Richtige Auswahl der Online-Bezahloptionen ist ein entscheidendes Erfolgskriterium im E-Commerce

Nicht erst seit der Einführung der „Button“-Lösung“ entscheidet der letzte Klick, ob der Besuch im Webshop auch mit einem Kaufabschluss beendet wird.

Die Auswahl der Bezahlsysteme ist aus diesem Grund ein entscheidendes Erfolgskriterium im E-Commerce. Händler wissen darum und kontrollieren ihr Portfolio an Zahlungsmöglichkeiten regelmäßig nach Akzeptanz und ihrer Effizienz. Nur 40% der Internet-Händler haben in den letzten 2 Jahren keine Veränderungen bei den Zahlungsverfahren vorgenommen, so eine Umfrage des Forschungsinstituts ibi research.

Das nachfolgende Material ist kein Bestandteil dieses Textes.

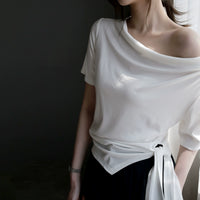 Swing Collar Side Lace Tencel Short Sleeve T-Shirt_BDHL7300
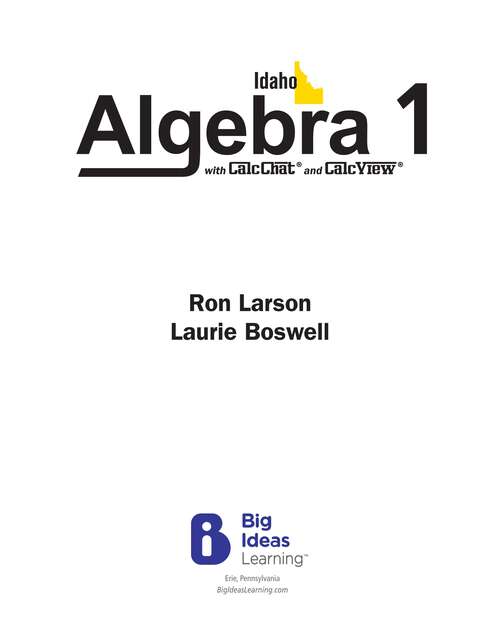 Book cover of Idaho 2024 Algebra 1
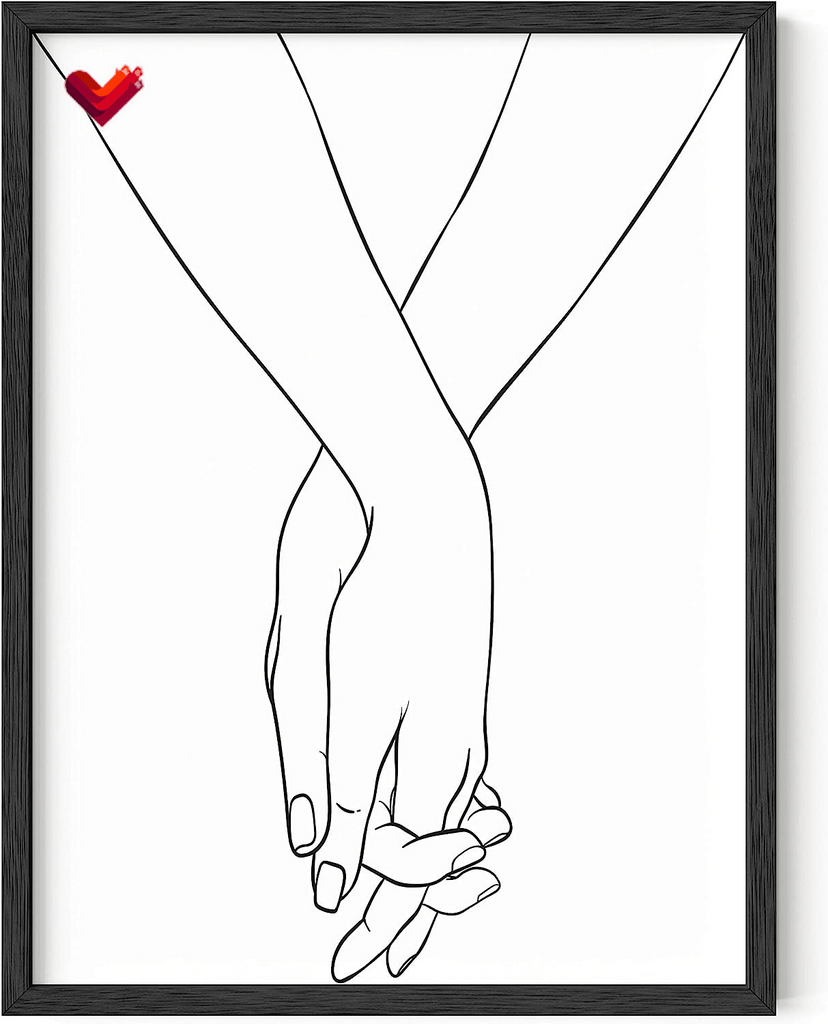 Hands Wall Art - Love Art Print Minimalist Line Art Black and White Love Wall Art Minimalist Wall Art Love Pictures Wall Decor Prints and Posters Black and White (Black Frame, 12X16)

„Wenn neue Zahlungsverfahren hinzugenommen wurden, handelte es sich häufig um PayPal, Sofortüberweisung.de und den Kauf auf Rechnung in Zusammenarbeit mit einem Dienstleister“, erklärt Georg Wittmann, Projektleiter bei ibi research. Um den bei Kunden beliebten Rechnungskauf für den Händler aufrecht zu erhalten, gibt es mittlerweile eine ganze Reihe spezialisierter Dienstleister, wie Klarna, Billsafe, eine PayPal-Tochter, Paymorrow, Ratepay oder Billpay.

Die Einbindung eines externen Spezialisten ist zwar teurer, aber auch einfacher. Allerdings müssen Shops, die den Rechnungskauf einführen, meist mit einem gesteigerten Retouren-Aufkommen rechnen, wie die Praxis immer wieder beweist.

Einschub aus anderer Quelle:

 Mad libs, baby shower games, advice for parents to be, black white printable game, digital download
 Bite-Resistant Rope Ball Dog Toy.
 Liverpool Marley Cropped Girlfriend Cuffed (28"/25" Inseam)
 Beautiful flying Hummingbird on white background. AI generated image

25.000 Webshops setzen nach Unternehmensangaben auf die Dienste von Sofortüberweisung.de, das sich damit zum zweitgrößten Online-Bezahlverfahren entwickelt. An erster Stelle steht immer noch PayPal.

Die Banken freuten sich bisher nicht über den Erfolg des Internetüberweisungsverfahrens und strengten sogar Gerichtsverfahren an, um die Konkurrenz ihres eigenen Onlineüberweisungsverfahrens Giropay abzustellen. Das jedoch wurde vom Bundeskartellamt unterbunden.

Die Hauptmotivation für Händler, neue Zahlverfahren in ihren Checkout-Prozess aufzunehmen, ist in erster Linie die Verbreitung und die Nachfrage durch Verbraucher. Auf dem 3. Rang steht erst der Schutz vor Zahlungsausfällen.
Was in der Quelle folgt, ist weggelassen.